***** GIVEN DATA *****

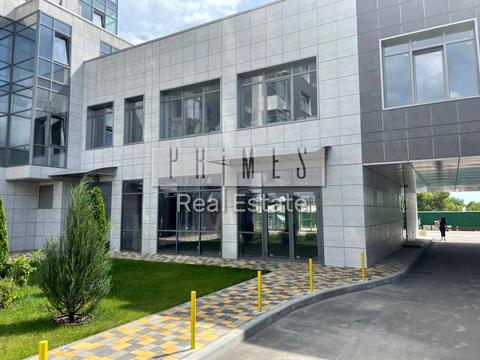 комерційна за адресою Трускавецька вул., 10-Г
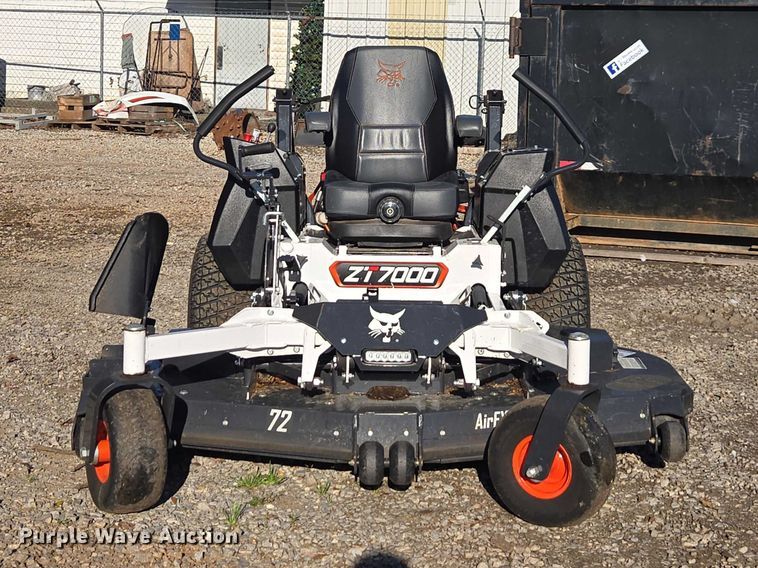 image for item EA5463 2004 Bobcat ZT7000 ZTR lawn mower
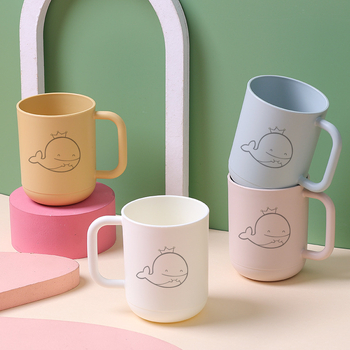 Háromtagú családi készlet szájöblítő pohár és pohár a fogkefékhez, műanyagból, logóval nyomtatva, testreszabható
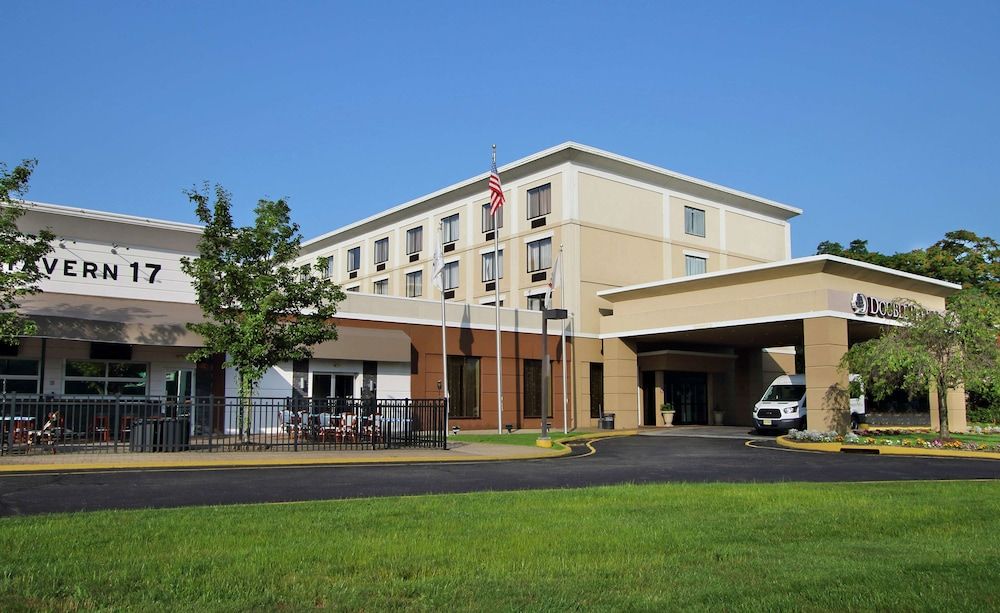 undefined DoubleTree by Hilton Mahwah 8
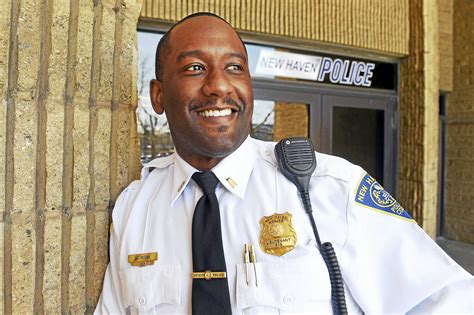 New Haven police lieutenant retiring to take job as college chief in ...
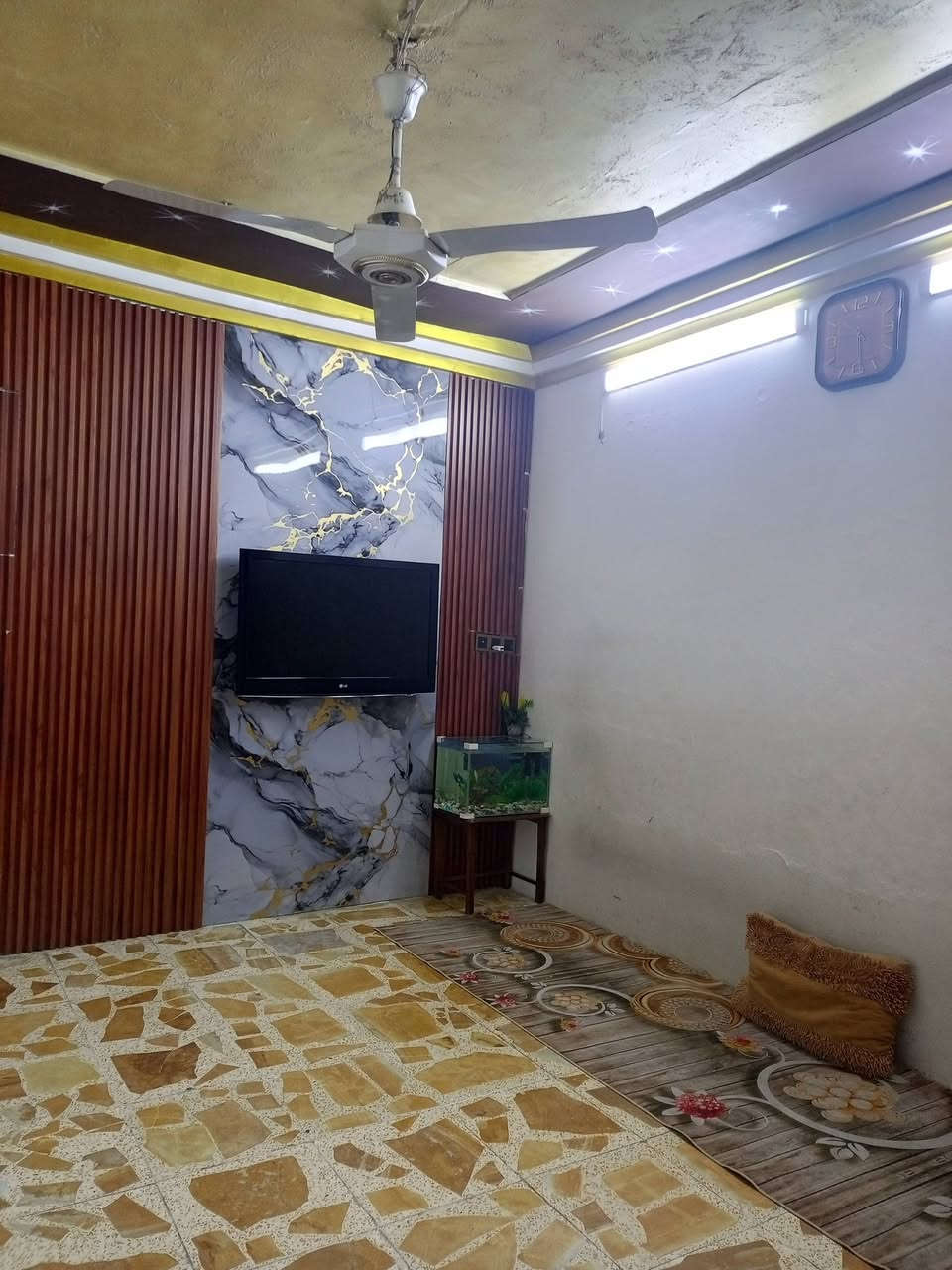 نصف قطعه للبيع شرك طابقين خامس بيت عل شارع الفرع العريض قطاع 79 (***********)
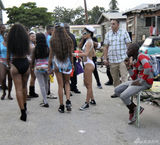 组图：蕾哈娜与乡亲们狂欢 豪放趴地玩小狗式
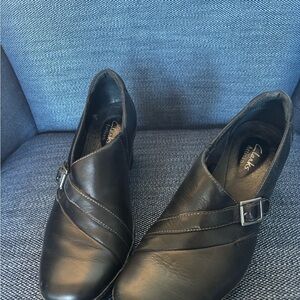 Clark Artisan Women's Black Leather heels/booties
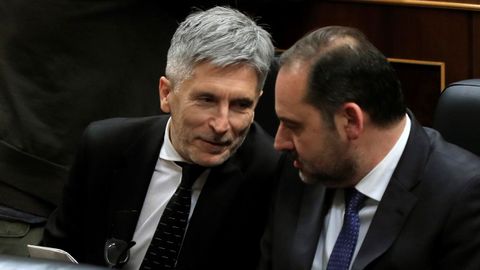 Fernando Grande-Marlaska y José Luis Ábalos, este martes, en el Congreso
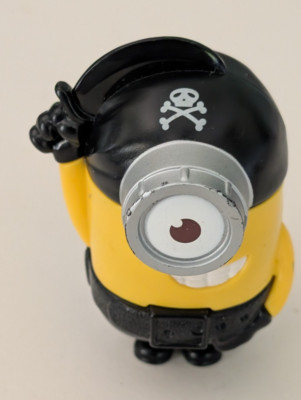 McDONALDS Happy Meal - DESPICABLE ME - PIRATE MINION Figur - LESEN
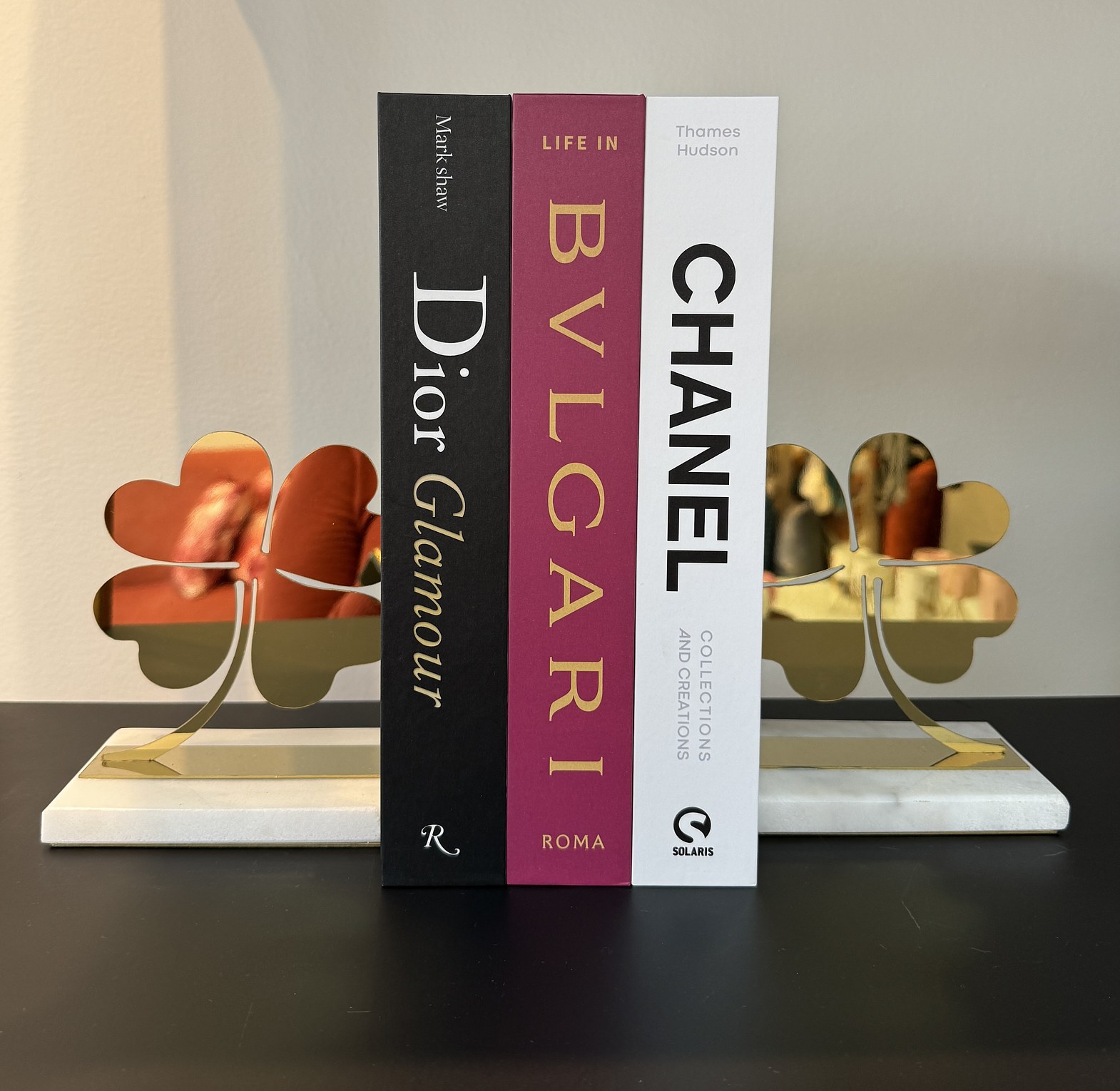 Clover bookend image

*****

DESCRIPTION OF THE TASK: Please transcribe the entries precisely and omit any images they hold.

TASK RESULT:
 комерційна за адресою Трускавецька вул., 10-Г
 image for item EA5463 2004 Bobcat ZT7000 ZTR lawn mower
 Háromtagú családi készlet szájöblítő pohár és pohár a fogkefékhez, műanyagból, logóval nyomtatva, testreszabható
 undefined DoubleTree by Hilton Mahwah 8
 New Haven police lieutenant retiring to take job as college chief in ...
 نصف قطعه للبيع شرك طابقين خامس بيت عل شارع الفرع العريض قطاع 79 (***********)
 组图：蕾哈娜与乡亲们狂欢 豪放趴地玩小狗式
 Clark Artisan Women's Black Leather heels/booties
 Fernando Grande-Marlaska y José Luis Ábalos, este martes, en el Congreso
 McDONALDS Happy Meal - DESPICABLE ME - PIRATE MINION Figur - LESEN
 Clover bookend image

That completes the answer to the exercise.